Transcribe the listing exactly; drop the images.

[Opening DATA SHOWN section]

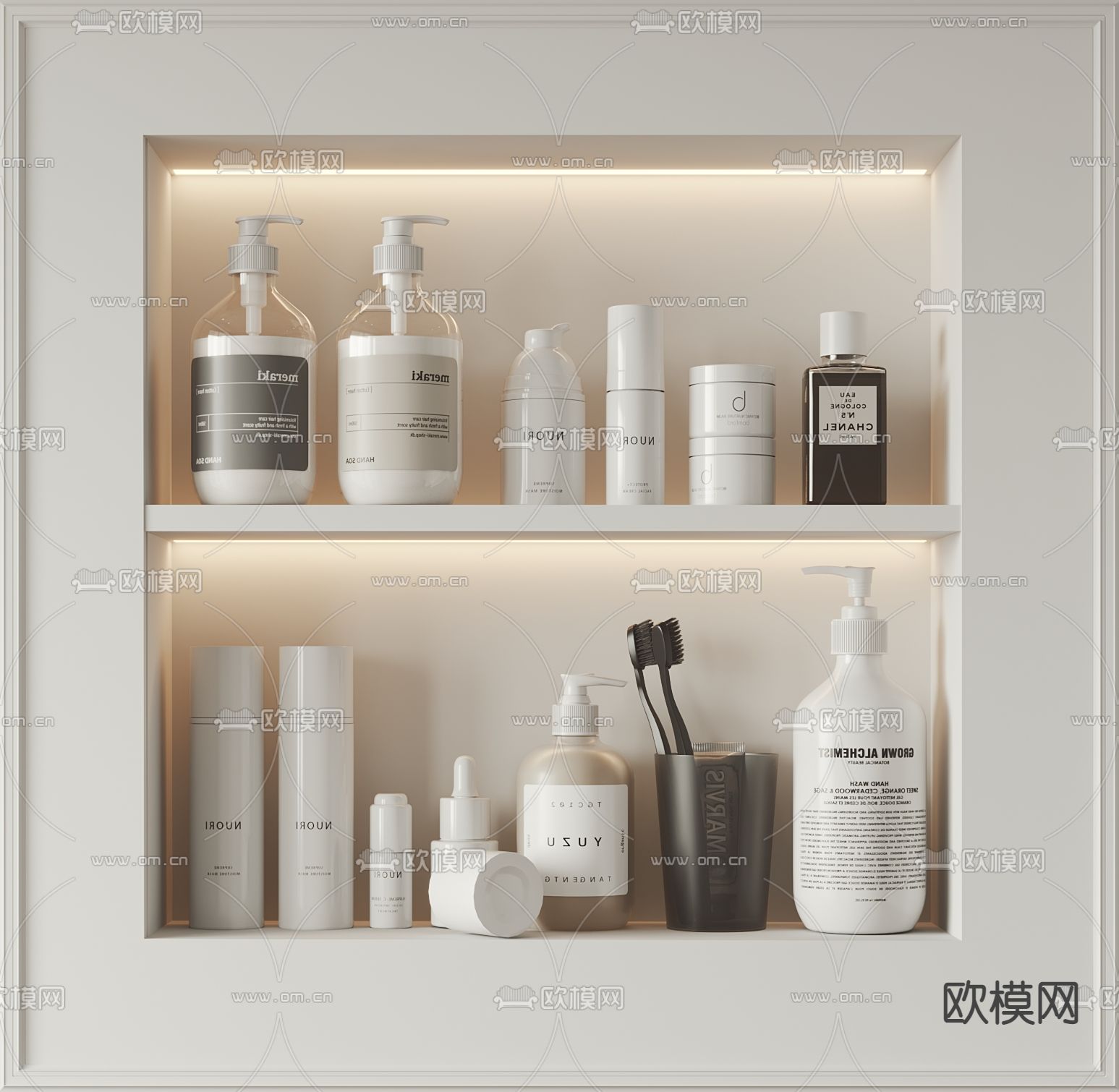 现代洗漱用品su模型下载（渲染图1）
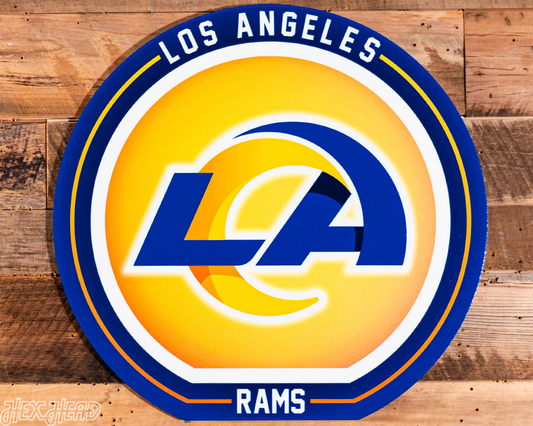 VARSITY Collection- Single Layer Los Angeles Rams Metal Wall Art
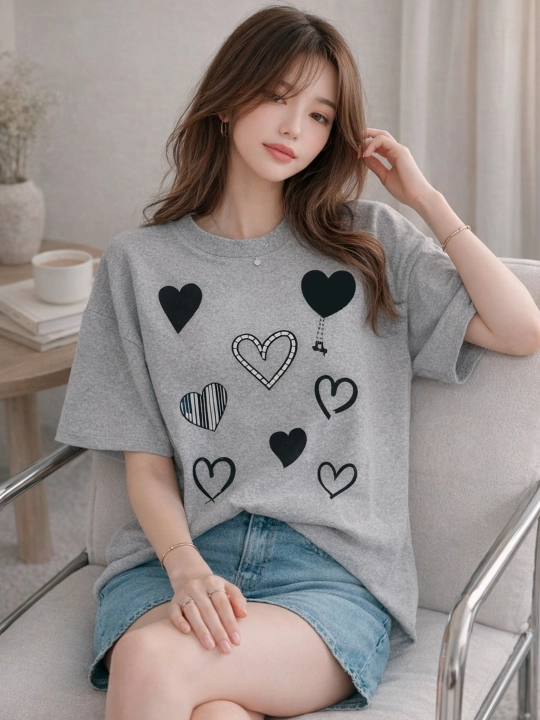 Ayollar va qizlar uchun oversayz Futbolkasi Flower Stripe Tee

[Closing DATA SHOWN section]

PROBLEM SOLUTION:
 现代洗漱用品su模型下载（渲染图1）
 VARSITY Collection- Single Layer Los Angeles Rams Metal Wall Art
 Ayollar va qizlar uchun oversayz Futbolkasi Flower Stripe Tee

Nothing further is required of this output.